RE: No to SQL? Anti-database movement gains steam

From: Matthew Zito <>
Date: Fri, 10 Jul 2009 15:35:39 -0400
Message-ID: <>

See inline. Longest thread ever.

> -----Original Message-----
> From: Nuno Souto []
> Sent: Friday, July 10, 2009 5:06 AM
> To: Matthew Zito
> Cc:
> Subject: Re: No to SQL? Anti-database movement gains steam
> Matthew Zito wrote,on my timestamp of 7/07/2009 1:51 AM:
> > My point was simply that calling them incompetent is a dangerous
> > It's the old, "Not Invented Here" syndrome - i.e., the way we do
> > has worked for us, so someone who does something different must
> > be incompetent.
> Or much more simply: so completely outside of general purpose IT as
to be
> totally and completely irrelevant other than as an odd curiosity.
> like a
> Ferrari is.

This is also the perspective that people have variously had about Linux, the web, network attached computers, Ethernet, Oracle RAC, grid computing, etc. etc. at the time of their emergence.

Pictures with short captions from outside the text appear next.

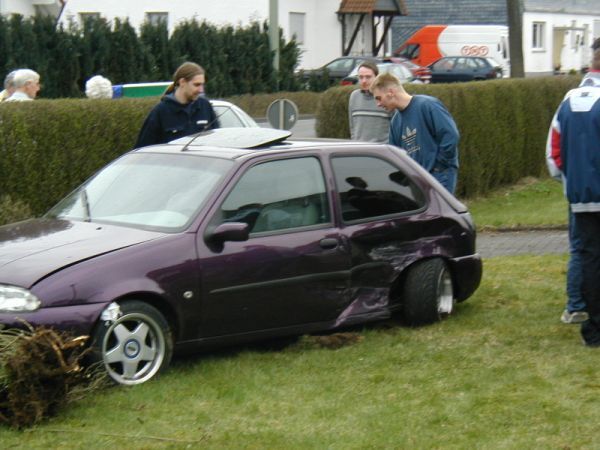 Shows & Treffen - 2002 - Fiesta Tuning Forumstreffen im Siegerland - Bild 112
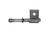 BMW 1er E81 u. E87 ab Bj. 04 118d  120d  BASTUCK Halter für Endschalldämpfer hinten rechts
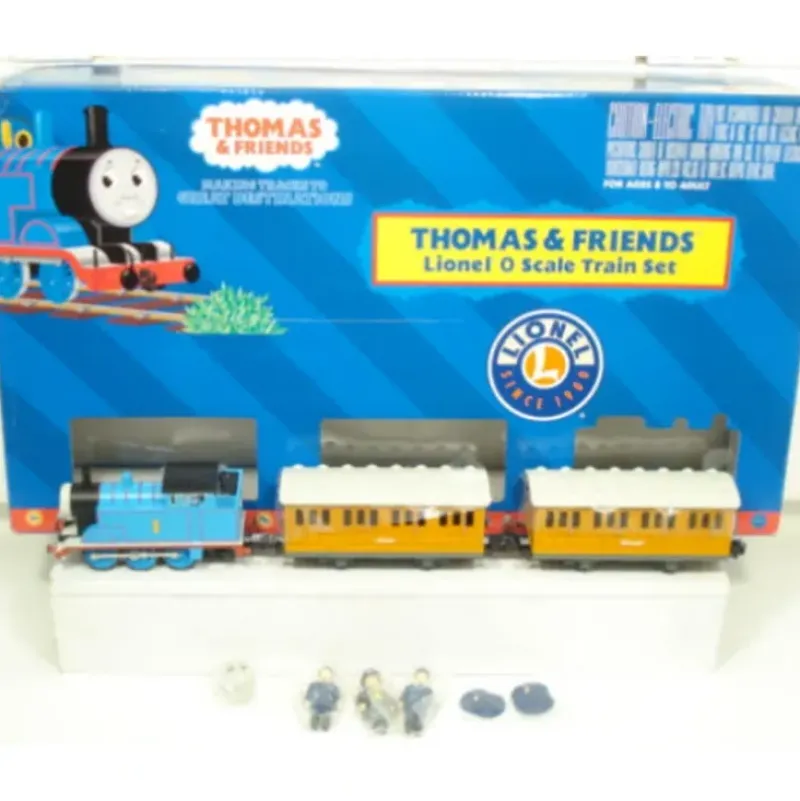 Trains*Lionel 6-31956 O Gauge Thomas and Friends Train Set - Model Train Junction: Quality Parts and Art Supplies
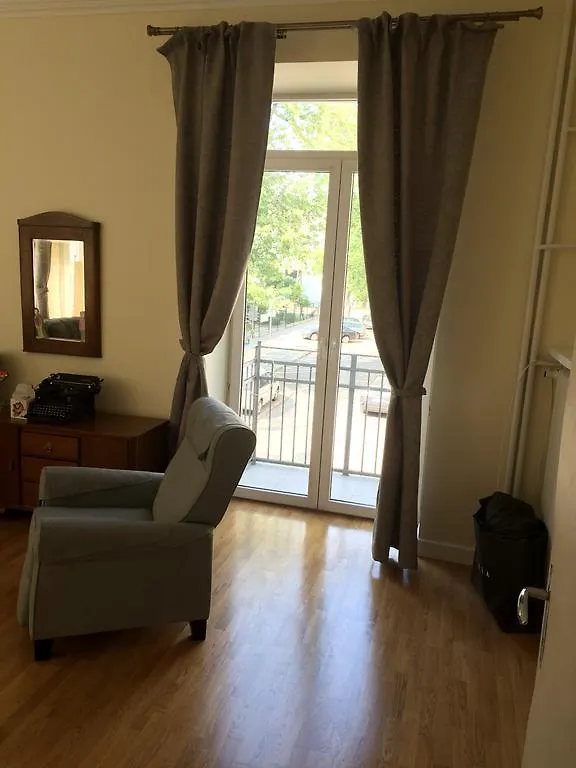 Studio Olesinska Mokotow Apartment Warsaw
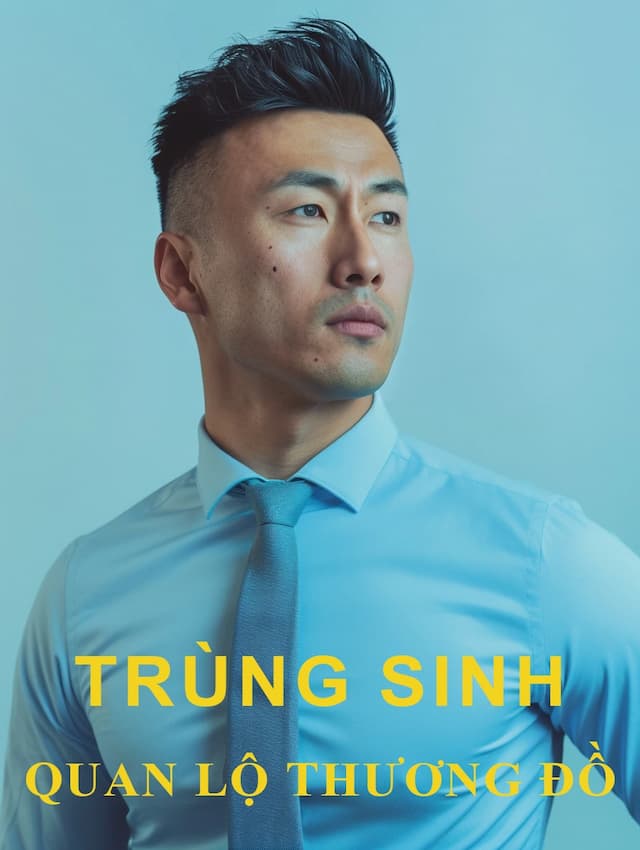 Trùng Sinh Quan Lộ Thương Đồ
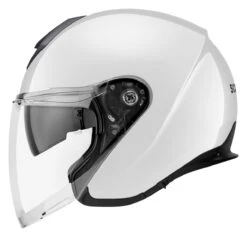 Schuberth M1 Pro Helmet -Motorcycle Equipment Store schuberth m1 pro helmet white 1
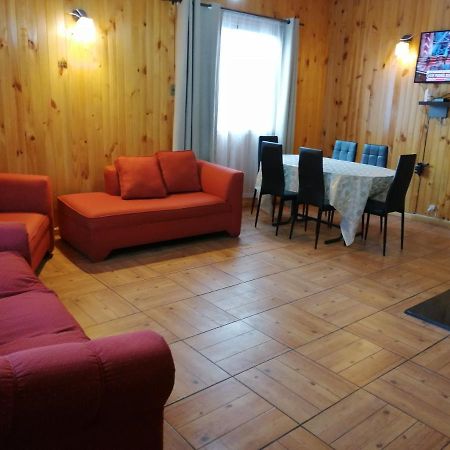 Cabanas Sur Del Mundo Appartamento Coyhaique Esterno foto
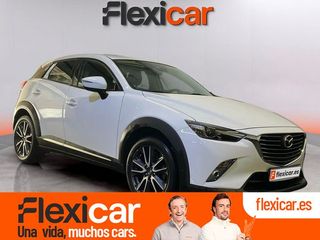 Mazda CX-3 2.0 SKYACTIV GE 88kW Style+ 2WD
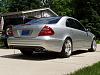 Finally some pics of my E55-rear-side.jpg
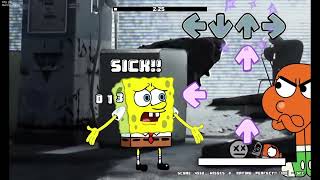 Oh god no  Spongebob mix Cancelled ig [upl. by Aciemaj649]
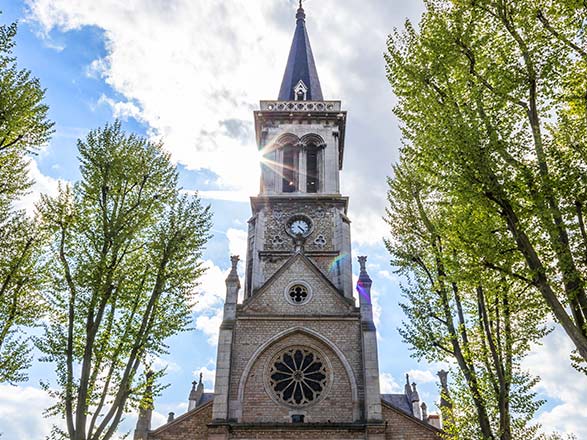 Bourgogne (Chalon-sur-Saône)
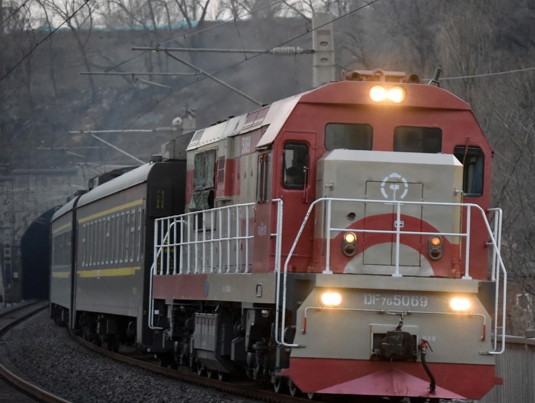 東風7G 中國內燃機車 長鳴 N比例出版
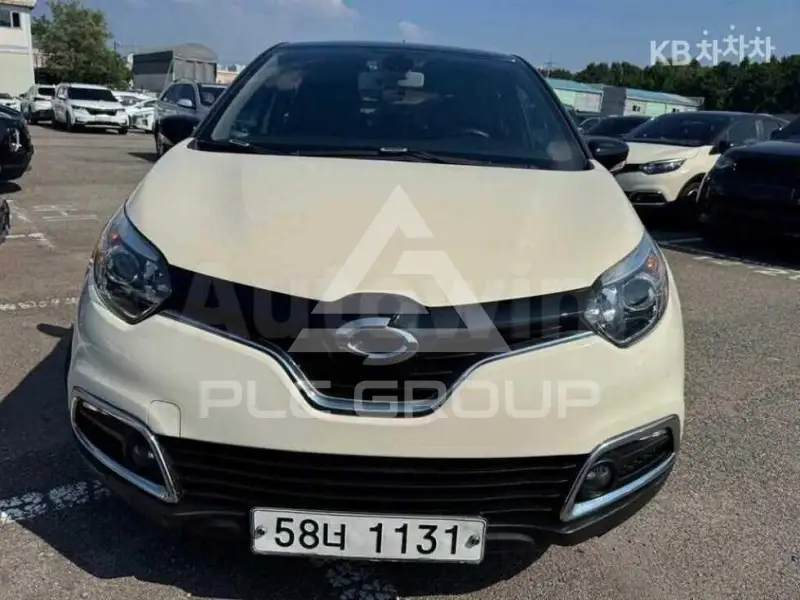 2015 Renault Qm3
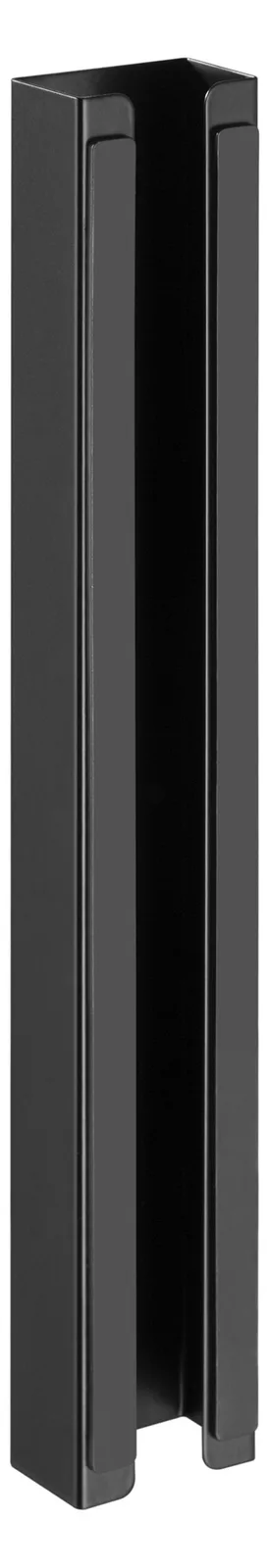 Equip Magnetischer Kabelführungskanal - schwarz - Kabelrinne - Tisch/Bank - Schwarz, Ansicht 3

Today they are all part of general purpose IT. Is it so hard to believe that non-relational databases might eventually be as well?

> > traditional enterprise IT. I agree largely with that statement, and
> > assume that you're no longer calling these developers with different
> > needs and requirements "incompetent" and "inexperienced".
> A lot of them I am. For a number of very good reasons. Most have
> even attempted to write correct SQL or design a simple database. All
> do is
> cobble together some pasted code from other applications, spread it
> as many
> systems as they can to make it perform minimally acceptably, and then
> claim it's
> the only way to achieve top performance. Total bollocks.

My word, there's a lot of generalizations in there - "most", "a lot of", "all they do is". To say that folks at Google, Facebook, Yahoo, etc. have just "cobbled together some pasted code" is patronizing, as well as just plain wrong. I have no doubt that some organizations could have used a relational database instead, or made a bad decision by using one of these alternate solutions. I also find many companies that make bad decisions by buying Oracle when they don't need to. People make mistakes.

However, there are people at these organizations who are top computer scientists and developers. You only have to look at the papers they've released to see some of the impressive technology they've built. We can disagree all we want about whether they made the *right* decision by building or using a non-relational data store, but how can you say "most have never ever attempted to write correct SQL" - how can you possibly know that?

Also, many of the people who actually develop these solutions will never claim that it's the "only" way to achieve top performance, but that it's the most cost-effective way to get the performance they need based on their requirements.

By the way, here's a list of papers by Googlers:

There's some pretty impressive things in there, including work on how to use speculative threads to improve relational database performance. As I said before, all of these companies use relational databases as well - so presumably someone there knows how to write SQL.

> > However, I believe that it's important to consider ways in which new
> > technologies can be leveraged to add efficiency, performance, etc.
> > example, if you look at some of my banking customers, while they
have a
> > ton of traditional J2EE+Oracle+EMC storage infrastructure - a lot of
> > them also use proprietary C++ + Memcache + custom built non-SQL data
> > stores for things like algorithmic trading. For them, their needs
> > specific enough, and the upside large enough, that it's worth
looking at
> > other options. So clearly even traditional Enterprise IT has areas
> > standard relational data stores aren't an appropriate decision.
> Sorry, I don't follow this one. They have needs that are specific
> that
> it's worth looking outside the square and that is proof enterprise IT
> which
> was never specific - needs to do the same? My apologies, but non-
> sequitur.
> Still, not a major point so don't fret on it.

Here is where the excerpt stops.